Front Foot Theatre have created a tense, moving, poignant and ultimately hopeful production of a play that tackles tough issues head on yet never loses sight of the lightness and humour.

As we focus on a married couple dealing with the loss of their young son in a road accident we’re reminded that grieving takes many shapes and nobody will deal with it in exactly the same way.

Dad Howie (a brilliant emotional portrayal by Kim Hardy) wants to cling on to the memories while desperately wanting to carry on with life, reluctant to get rid of son Danny’s toys, regularly watching family videos of them both, keen to explore the possibilities of a support group and resistant to his wife’s wish to sell the house and move on. So much simmers just beneath the surface in Hardy’s sharp performance as he struggles with his conflict and the audience is so close to the action we can see the pain and sense of loss behind his eyes.

Mum Becca (Julia Papp) is more pragmatic, even to the point of deciding to meet with Jason (an earnest, sensitive and sympathetic Max Pemberton), the young man responsible for the accident and finding herself drawn to the odd subtext of parallel universes – the idea that in another world they are not paralysed by grief but might even be happy.

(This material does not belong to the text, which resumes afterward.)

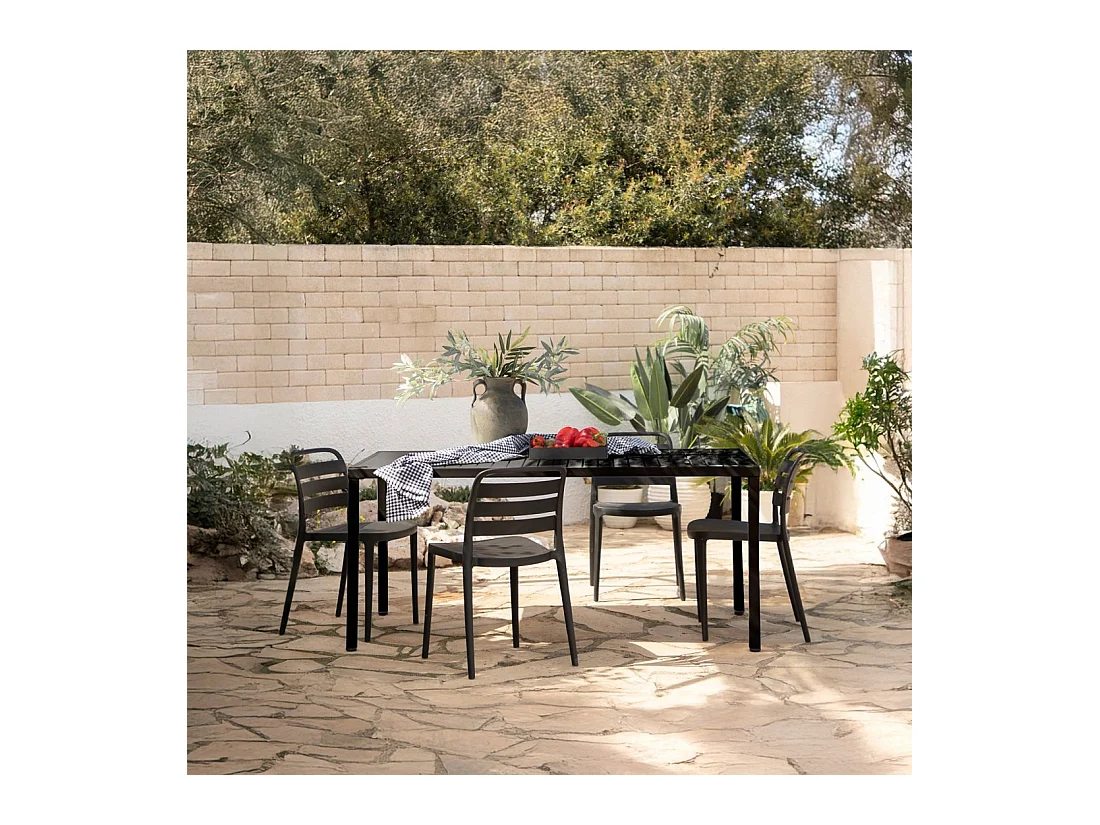 Chaise d'extérieur en plastique gris anthracite 42x80 cm-Zira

Becca appears to have moved on further in coming to terms with what has happened, even as she consciously or otherwise erases Danny from her life, which means the audience can’t fully engage with her journey, but Papp manages well to show how this is linked to the mourning process.

As the central couple Hardy and Papp don’t always capture the essence of a loving relationship now fractured, yet perhaps this is the very nature of the different approaches to devastating loss and the hopeful signs of rekindled love come across well.

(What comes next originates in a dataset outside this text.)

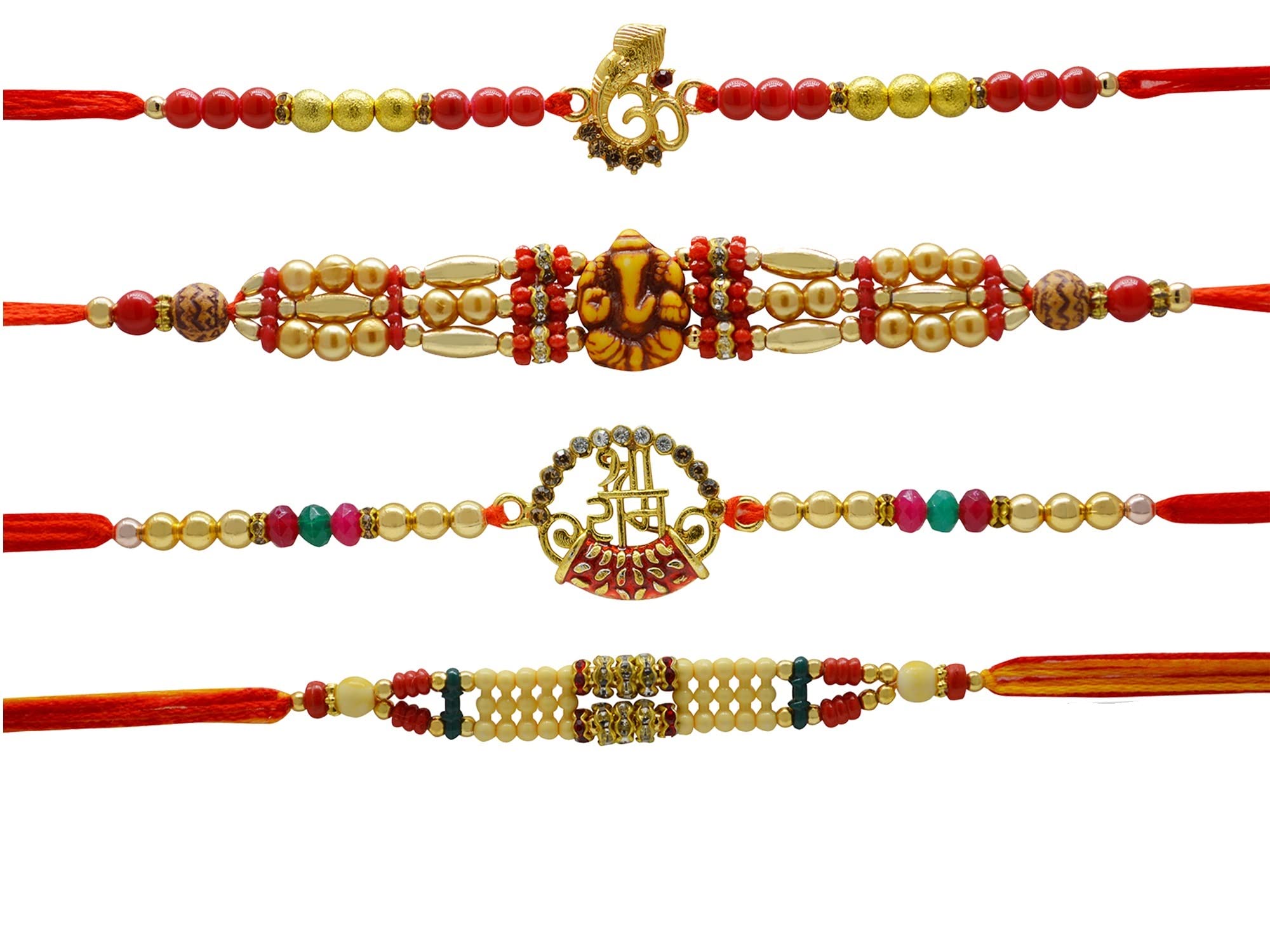 MitranDeRakhi For Brother I Set Of 4 Rakhis I Raksha Bandhan Bracelets On A Card For Brother/Siblings - OM, Ganesh ji, Shree Ram Design & Multi colored Hand made Rakhi Set, 6 7 inch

Understandably there is not much humour in what must surely be triggering to some watching, but the script contains many instances of wit and levity to provide welcome balance. These lighter moments are largely provided by Becca’s sister Izzy (Ty Glaser) and their mum Nat (Emma Vansittart), both in splendid form.

Glaser is excellent as Izzy, well-meaning but careless, unmarried and pregnant, a wild child not fully able to comprehend why her enthusiasm about a new baby might be upsetting for her sister. Glaser ensures that in the midst of the tension the character is never less than likeable.

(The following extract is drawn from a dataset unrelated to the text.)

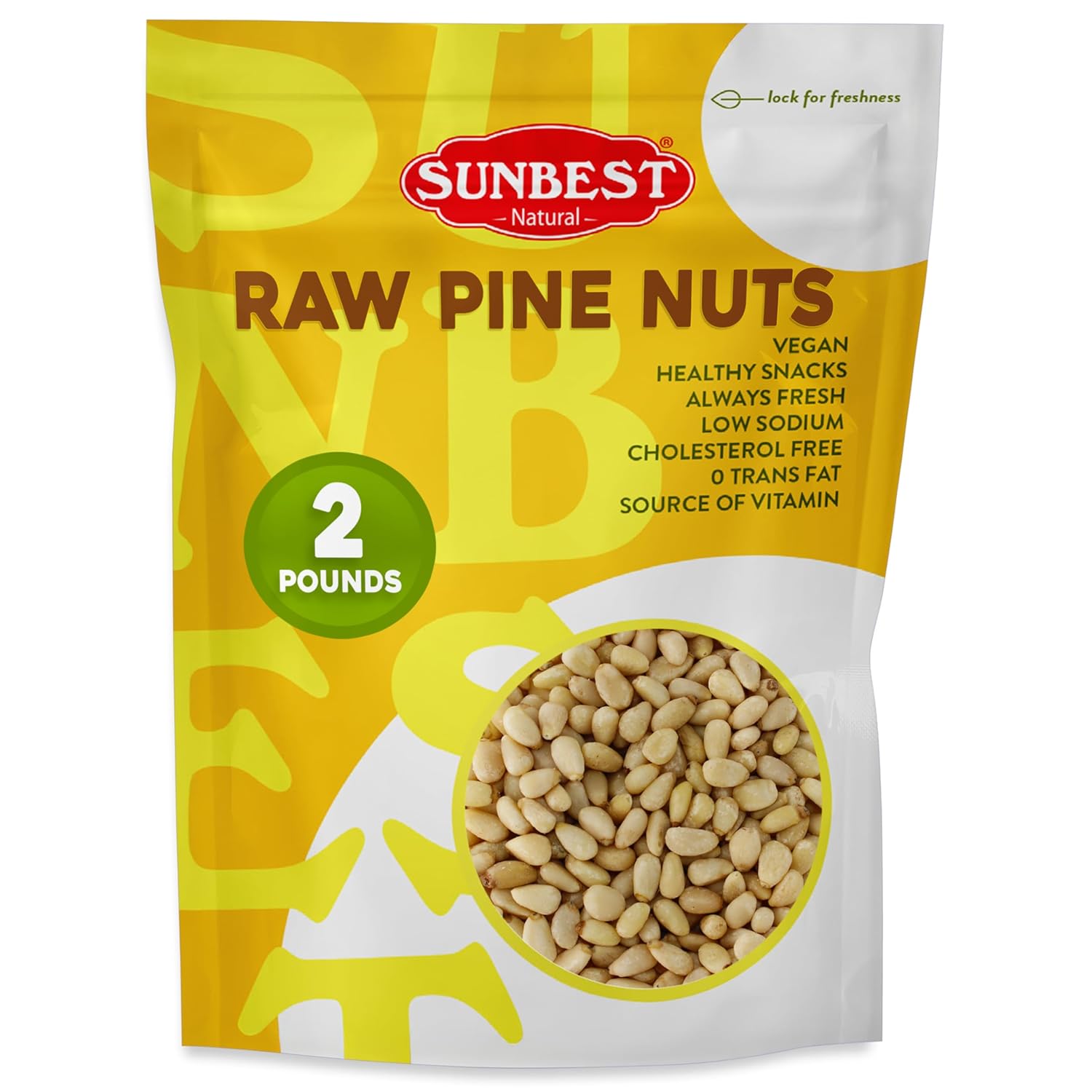 Sunbest Natural Raw Pine Nuts, 2lbs – Unsalted & Unroasted – Shelled Pignoli Nuts For Pesto, Baking, Salads & Cooking – Non-GMO, Vegan, Healthy Snack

Vansittart is a commanding presence as Nat, voicing some very funny one-liners, and supportive of her daughters, yet enduring a lasting grief of her own as we discover her own son committed suicide at the age of 30. While this event didn’t affect her daughters in the same way, there are moments of tenderness and growth as Becca comes to understand that bereavement affects people differently. Vansittart delivers a performance of which Christine Baranski would be proud, sophisticated and worldly wise but dripping with icy sarcasm and waspish innocence.

Lindsay-Abaire wrote the screenplay for the 2010 film and gave an extra dimension to the story and the characters, who on stage can appear thinly-sketched. Seeing a theatrical production underlines the personal and the intimate side and director Lawrence Carmichael masterfully steers the production away from what could very easily become American soap opera. It’s a production that remains passionately real without straying into overly-sentimental. Carmichael’s approach shows intelligence and deep understanding of the subject matter and the best way to portray tough and uncomfortable themes.

In such a small acting space Ethan Cheek’s set is all the more important, cleverly grey-hued with the only bursts of colour being in the references to Danny, not least the canopy crammed with toys, bulging and threatening to burst out at the slightest nudge.

And Ryan Day’s lighting is again a triumph of atmospheric subtlety, supporting the contrasts of light and shade in the drama itself.

Front Foot Theatre are to be commended for this revival of a compelling tear-jerker which demands to be seen in such a small venue, containing performances that regularly break through the fourth wall with riveting emotion.